A 47 anni si può fare un primo bilancio della nostra vita…
Ho la sensazione di aver fatto tutto quello che desideravo fare. Ma questo mestiere non ha un traguardo. Non è come nel calcio, dove vinci il Mondiale e hai chiuso il cerchio. Qui puoi giocare all’infinito, ma è sempre più difficile trovare progetti che ti accendano. Quest’anno, per fortuna, ho ritrovato stimoli. Anche grazie alla scrittura.
Ho scritto un romanzo. Il protagonista, Fabio Resti, non sono io. È ispirato a un amico. Ma molti, leggendo, ci appiccicano la mia faccia. Mia madre ha patito la lettura, mi ha detto: “Non me l’aspettavo”. Ma è proprio questo il punto: non sto raccontando me stesso, sto creando un personaggio. E mi piace molto.
Dal palco di ON AIR arriva anche un piccolo affondo…
ABelve non ci andrò mai. Potete segnarlo: non sarò mai regista e non andrò mai a Belve. Mettiamoci l’anima in pace. E poi… le vere belvate non si raccontano. Se non l’ho detto in 47 anni, non lo dico oggi.
Argentero si lascia andare a una riflessione sulla vulnerabilità, forse la parola più significativa dell’incontro…
Da quando sono padre la mia vita è cambiata tantissimo. Oggi ho più paure. Ho smesso di fumare. Voglio proteggermi per proteggere loro. Prima ero un giovane scapestrato in giro per il mondo, oggi sento una responsabilità diversa. La vulnerabilità, oggi, è più presente. Ma non la vedo come un limite, anzi: è una spinta a vivere meglio, con più consapevolezza.
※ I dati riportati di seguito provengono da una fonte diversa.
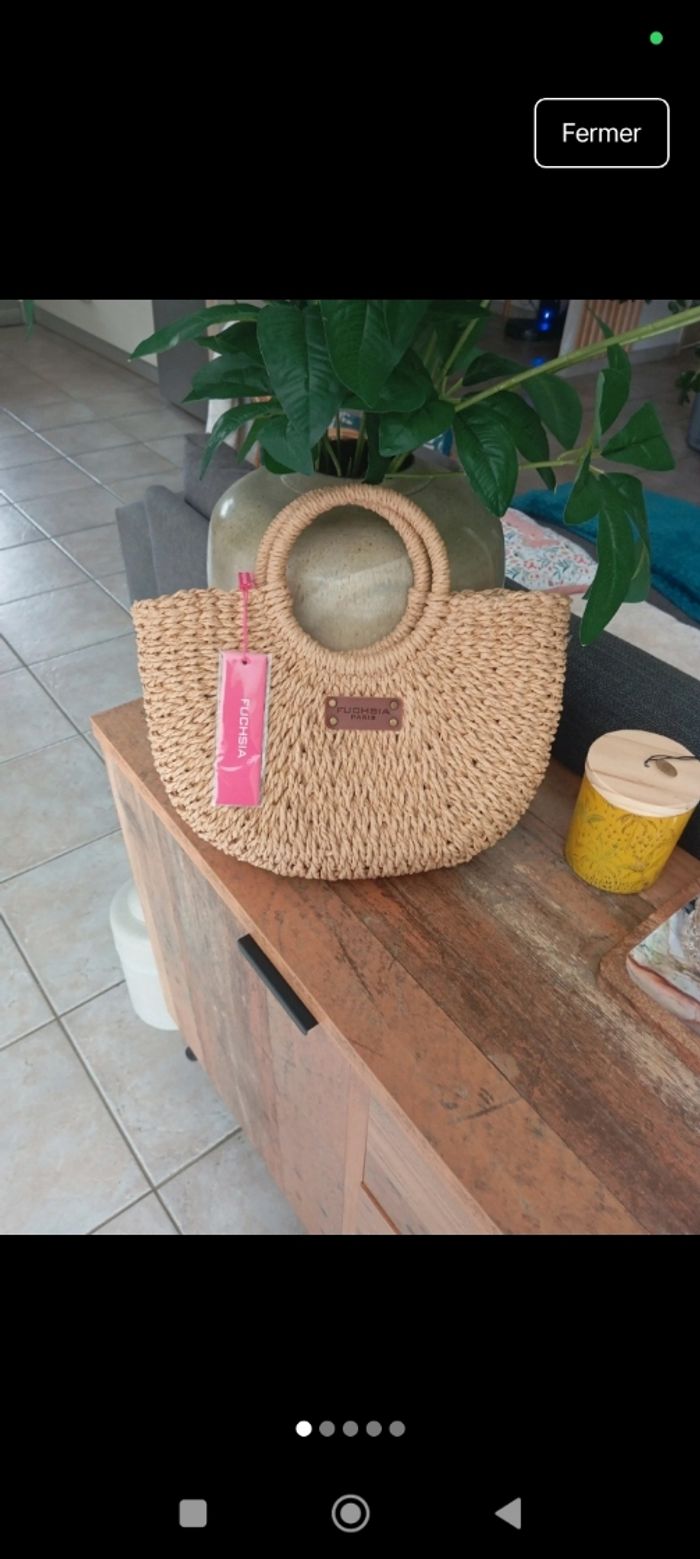 Sac panier en osier tressé fashion neuf - photo numéro 2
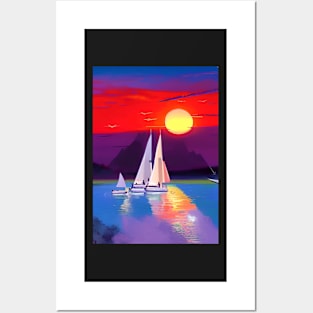 LOVELY SAILBOATS AT SUNSET Posters and Art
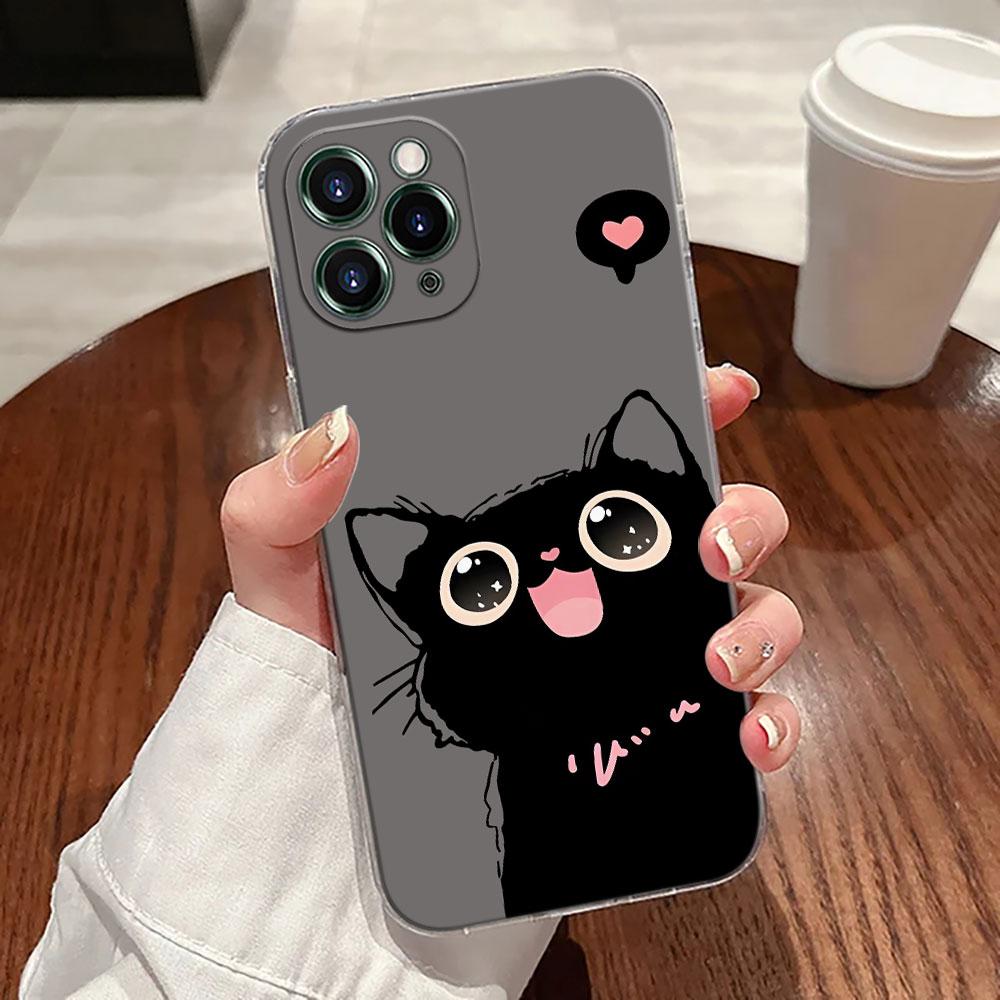 Милый кот Привет Чехол Для Apple iPhone 17 16 15 14 13 12 11 Pro Max 16 Plus 16E 17Air 17Pro Чехол для телефона Силиконовый Funda Черные коты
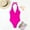 Hot Pink(New), variant on Summer Women's Fashion Solid Color Deep V Neck Halter Neck Tie Back Backless One Piece Swimsuit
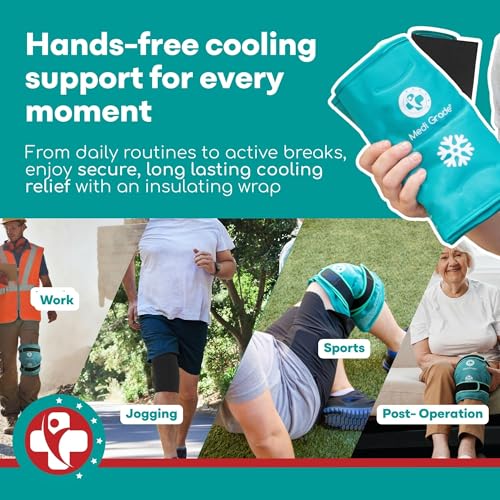 Medi Grade Knee Ice Pack Wrap, Reusable Ice Pack for Knee Pain and Surgery | Flexible cold compress for knee, dual fabric knee ice wrap retains cold longer, eases pain and supports surgery recovery
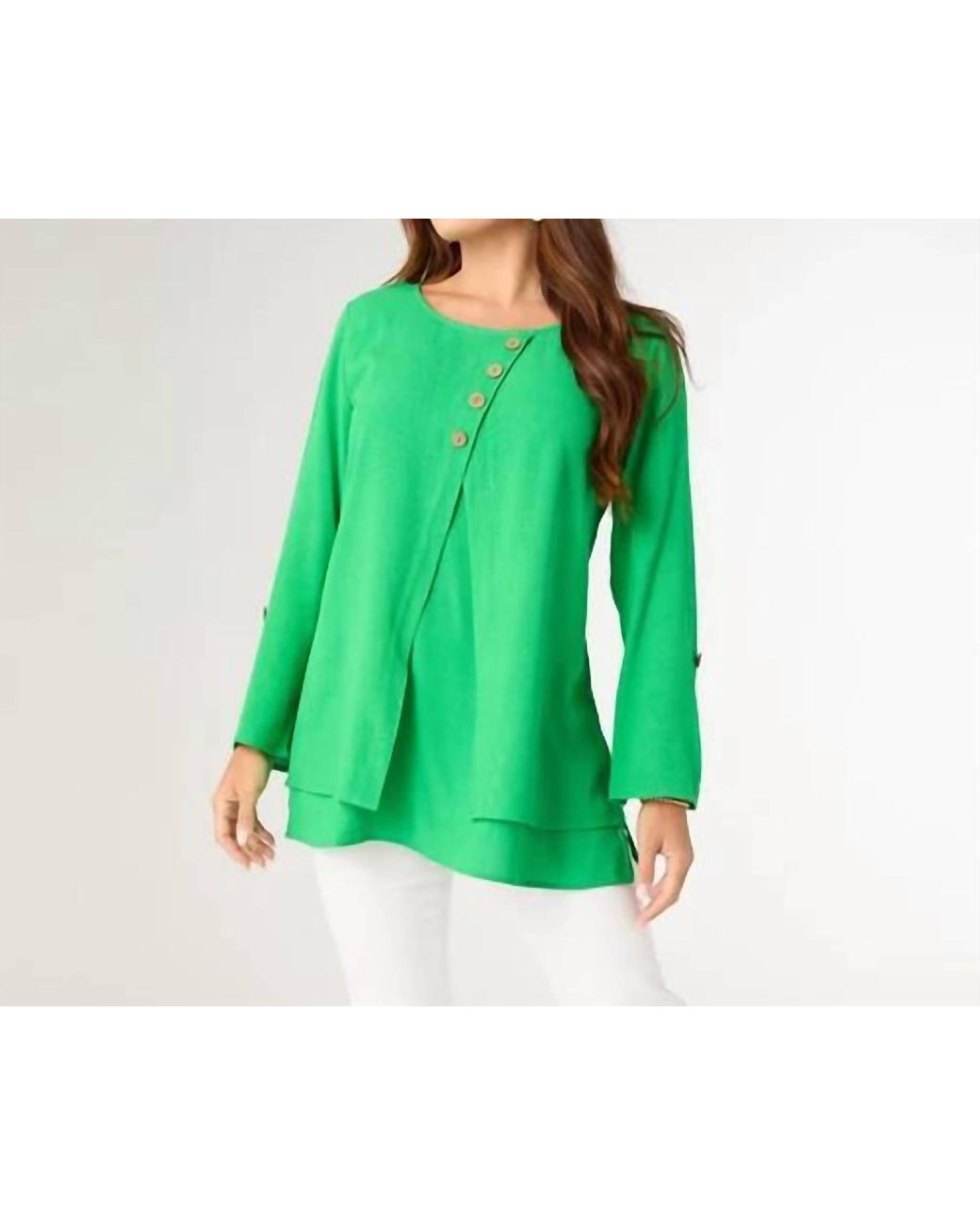 Coco + Carmen Green Glenn Split Front Tunic With Buttons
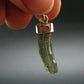 Moldavite Tektite Silver Clover Pendant from Czech Republic - 1.2" - 2.0 Grams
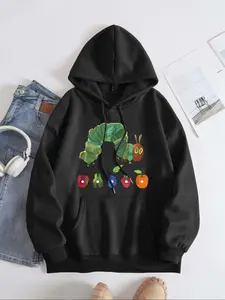 Women's Cartoon Caterpillar & Fruit Print Drawstring Pocket Hoodie, Casual Drop Shoulder Long Sleeve Hooded Sweatshirt, Ladies Fall & Winter Clothes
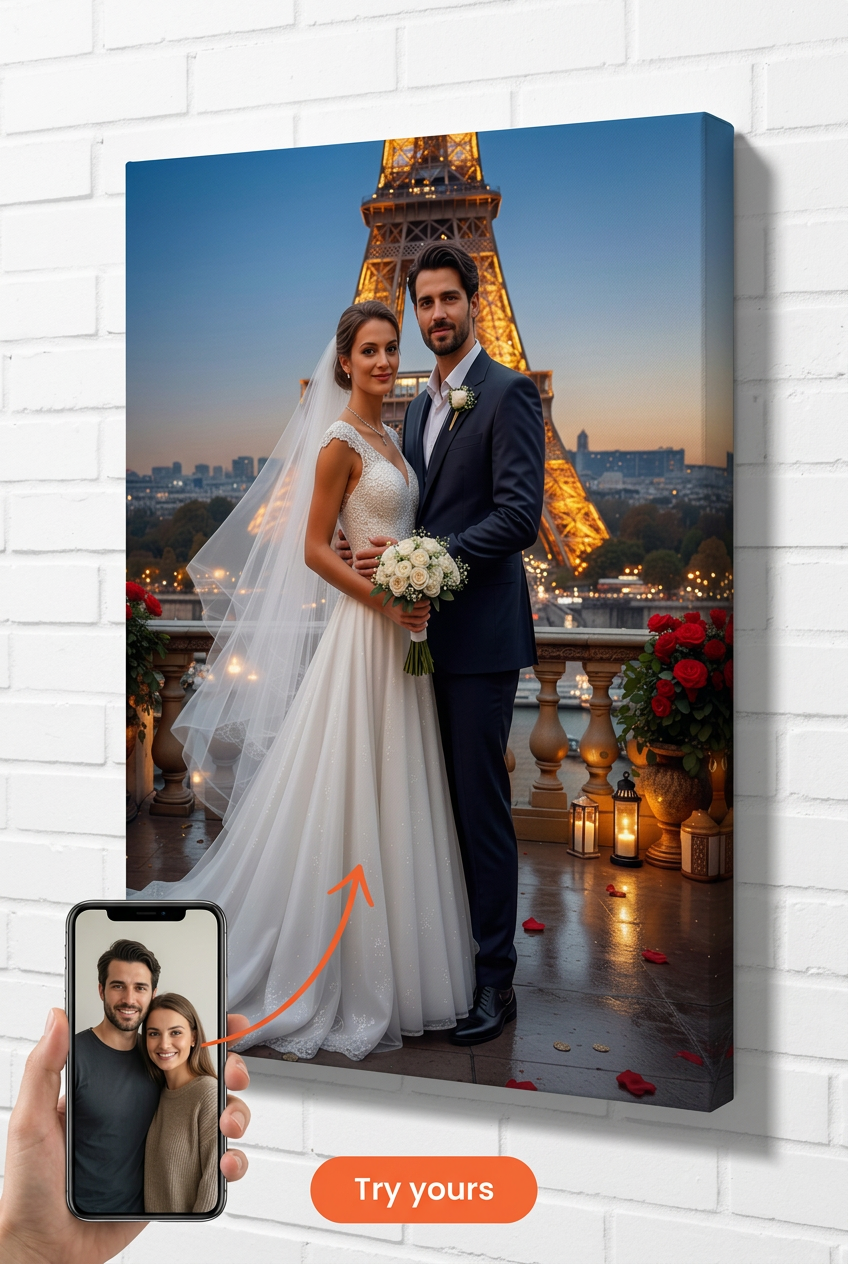 Eiffel Tower Wedding Custom Portrait from Photo | Personalized Undefined Gift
Una dichiarazione che si lega al cuore tematico di ON AIR – un festival che mette al centro temi come inclusione, giustizia sociale, sostenibilità, equità di genere – e che nasce da un’idea di Simona Gobbi, in sinergia con la Fondazione Federico II e il supporto del presidente Gaetano Galvagno. La manifestazione culminerà nella consegna del “Premio Marlù per il Sociale”, dedicato agli artisti che si sono distinti per il loro impegno civile attraverso l’arte.